A year ago, I had just run Color Me Rad. A huge feat for someone who swore on her iPhone that she hated running. Training for Color Me Rad taught me that if I started slow, I could fall in love with running. I may have been running at a snails pace, but I still ran that whole thing, which took me about 30 minutes. The fact that I ran for 30 minutes was cause for celebration, but so was the size of my thighs. The ability to fit in a smaller sized pant. A body that I really liked.
But like most things in my life, I fell off the wagon. I got busy. The rest of my life got in the way, and since there was nothing to "train" for, I let it go. I ran occasionally when I had the chance, but never with the same intensity. Sadly I didn't change my eating habits but, given that I already eat pretty clean, I eat a lot. I can sit down and eat a large piece of chicken, salad, an apple, half an avocado... I could go on, but even writing that here makes me feel pretty gross. It's just I've never been able to control portions. I'm sure this is nothing new to any of you who have fought the weight loss battle before.
So fast forward to June. After a few months sitting at a desk for a part time stint at my seasonal job. Late nights, super early mornings, and the obsession that I had to drop 10 pounds, only to gain 5 instead. I made excuses to avoid exercise, and even when I did, I complained. I let Jillian kick my ass for 2 full weeks before I gave up, promising myself I would get out there and run. I think I ran twice the entire month.

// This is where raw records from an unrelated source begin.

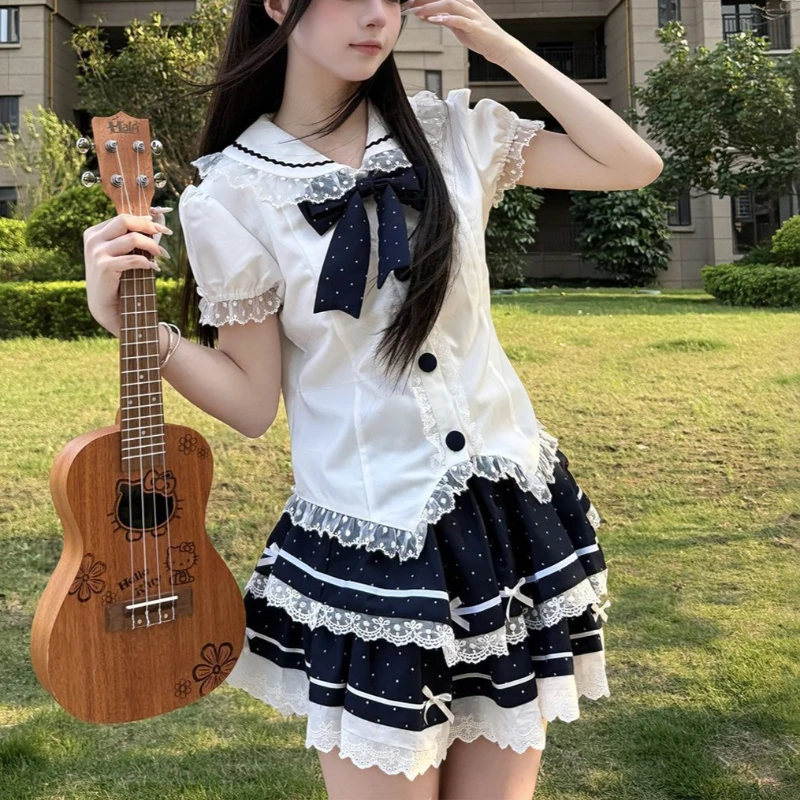 

2026 Japanese Kawaii Polka Dot Lace Bow Puff Sleeve Tiered Mini Skirt 2 Piece JK Uniform Set Women Navy White Daily Wear Outfit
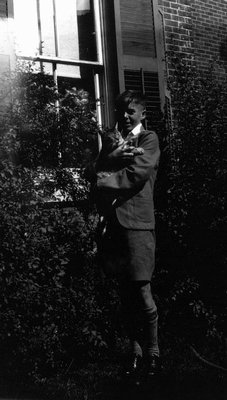 Tobie Campbell (?) with cat, ca.1928.  Norval, ON.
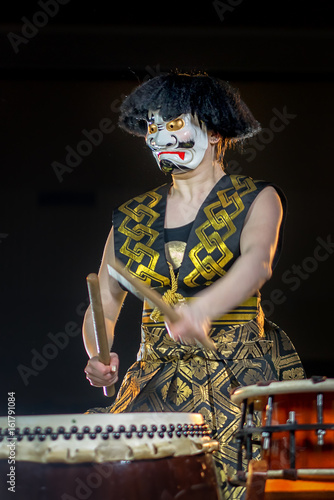 headache concept. devil drummer plays drumroll on the nerves. drummer girl in white demon mask with drumsticks, studio shot on a dark background. photo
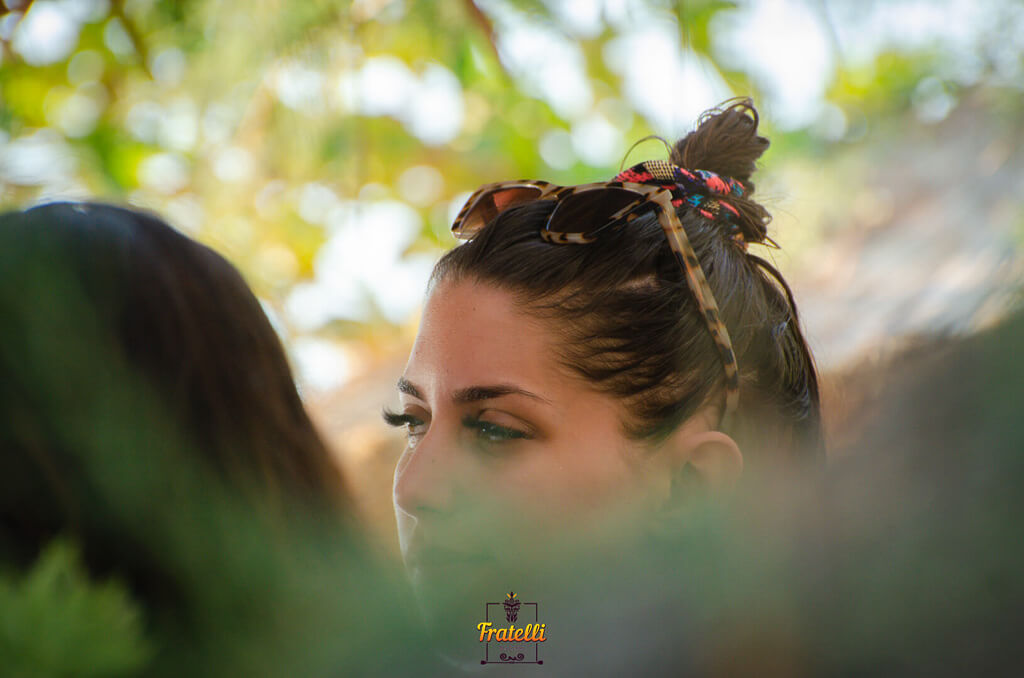 woman's face looking to the side, her dark hair caught in a multicolored hairpiece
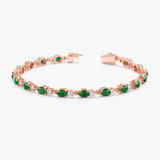 Luxurious 14k rose gold tennis bracelet with diamonds and emeralds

Even when I was prepping for Vegas, I ignored the creeping scale. I ignored the tightness in my shorts. I blamed it on my almost 40 metabolism. I blamed it on not having the time to cook. The hot Fresno summer being too hot to run, or walk or do anything. I blamed everything and everyone except myself.
Hello self. Get your shit together.
My friend Julie started the 10 pounds by 10/10 program on her blog, just about 4 weeks ago. It was a way to motivate us bloggers that were looking for a reason to get moving. For those of us who felt like we needed to drop some pounds. I joined in thinking this was just what I needed. Thinking I would push myself to lose those last 10 pounds that are threatening to ruin fall and jeans weather for me. As of now, I only have one pair that fit. One pair. And it's not the pair that still has the tags on them! So 10 by 10/10 was going to work for me.
But here I am. No obvious changes. I have been working out for 40 minutes 4 mornings a week. I've kind of changed my eating habits by cutting out things like nuts and raisins. I've cut back on the avocados. Added in some more eggs whites and taken out some egg yolks.
Friends, the scale has not budged. My jeans don't fit any better than they did 4 weeks ago. I'm still hungry when I go to bed. And I've been so frustrated.
Then last week I went for my annual exam (blog post to follow on that trip). As I was ushered back to step on the scale, I whined, Do I have to? And the nurse, so sweet and polite, said "If I looked like you, I'd weight myself every day". Perspective can punch you straight in the nose people.
For the stranger that sees me, I'm sure they see a skinny bitch with nothing to complain about. That would be true. However no one knows how tight my jeans and shorts are. No one knows how different my body looks behind closed doors. No one knows how it feels to know, you have let yourself down. But I needed every bit of that comment from my nurse that day. I needed to be reminded that it's not about being skinny, it's about being healthy. It's about feeling good, and moving. Even if you move at a snails pace. It's about acknowledging that bigger jeans aren't the end of the world, even though they feel that way.
That night after my annual, I went for a run. I was surprised that I could run for long periods of time, with little walking breaks in between. It felt great. Just me and the pavement. Music blasting in my ears. And just when I thought I couldn't take it anymore, Holy Grail came on. And I pushed myself. Giving it all I had. Because I was tired of comparing myself to a jean size. A portion of food. A picture of a person who is five inches taller than me and 10 years younger.